E questo modello coincide – paro paro – con quello di Gianfranco Micciché, che spinge anche i forzisti a buttare anima e corpo in un “campo nuovo” per contrastare il populismo di Lega e Cinque Stelle. Nessuno lo dice – anzi entrambi respingono l’idea di mescolarsi in una massa indistinta di ideali e dirigenti – ma questa idea è viva. Ed è quella da cui rifuggivano e continuano a rifuggire i Lupo, i Cracolici, i Crisafulli. La vecchia guardia mai doma, i “padroni delle tessere” come li ha definiti Faraone. Che adesso rischiano di considerare al capolinea la loro esperienza nel Pd. Piccione, che nell’ultimo mese ha tirato fuori le unghie, ha parlato di Faraone come segretario “illegittimo”. “Fa specie ed è paradossale – ha detto l’ex deputata alla Camera – sentire dire che ‘il Pd è morto’, da chi lo ha gestito a livello nazionale e regionale e ora si ritiene segretario, senza che nessuno che l’abbia votato: né iscritti né elettori”. Andrà in giro, prima di Natale, a spiegare ai circoli e ai simpatizzanti la “sua” verità.
Dall’altro lato c’è il senatore amico di Renzi, che schiva i colpi bassi e non alimenta le polemiche. Un vincitore deve lasciare allo sconfitto l’onore delle armi. Prova soltanto a far valere le sue ragioni: “Ho deciso di dire no ai caminetti, a quelle proposte che avrebbero portato a un segretario da laboratorio e a una unità solo fittizia. Mi hanno proposto di indicare un nome e di restare a Roma e fare il “puparo”. Ho detto di no: questo partito non se lo può permettere, deve ripartire e ho deciso di spendermi in prima persona. Se le primarie non si sono svolte e sono rimasto da solo, non è colpa mia. Ora dobbiamo lavorare per cambiare questo Pd”.

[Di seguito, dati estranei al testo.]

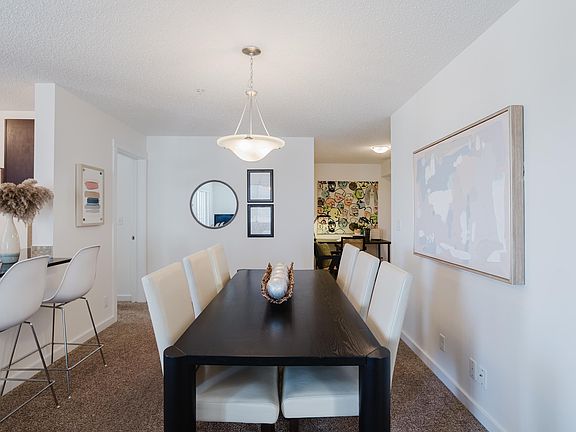 5th image of 5804 Mullen Pl NW #319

Ma come lo cambi questo Pd se il Pd non esiste più? Più che cambiarlo occorre stravolgerlo. Oppure uscirsene e basta, seguendo la tentazione dell’ex sindaco di Firenze (ma Faraone su questo tranquillizza tutti, non avverrà). Cancellare il passato con un colpo di spugna (“Sono sempre stato contrario a proseguire l’avventura del governo Crocetta” ha evidenziato il nuovo segretario), rinunciando ai grandi “saggi” che si sentono confinati da un modo di fare equivoco, che mira – usando ancora le parole di Cracolici – a fare un Pd che vada oltre il Pd. Poco o per niente identitario, un inestricabile fritto misto che rischia di inzuppare gli ideali della solidarietà, della giustizia sociale, dell’accoglienza. Che rischia di affossare la sinistra.
E se questo è lo scenario più apocalittico, ci sono le dichiarazioni di circostanza, che circumnavigano il politichese e mirano a una ricostruzione partita sotto i peggiori auspici (la cancellazione di un tratto di per sé Democratico come le primarie): “Voglio riaprire tutti i circoli chiusi – ha detto Faraone – e anche una piattaforma social che si chiamerà ‘Proposta positiva’. Lo stesso atteggiamento dovremmo avere all’Ars, oggi completamente bloccata. Cambierà anche il capogruppo? Bisogna certamente far funzionare una legislatura che finora non ha funzionato. Il tema del capogruppo lo affronteremo”. In sei hanno già chiesto la testa di Lupo, uno che iniziò la legislatura da renziano (meno di un anno fa) e ora sta dall’altra parte della barricata. Il Pd Sicilia ha dimostrato quant’è arduo e complicato il risorgimento. Dando da pensare anche ai leader nazionali. Che scaldano i motori in vista del congresso di marzo, ma farebbero volentieri a meno di questo fiume di veleno.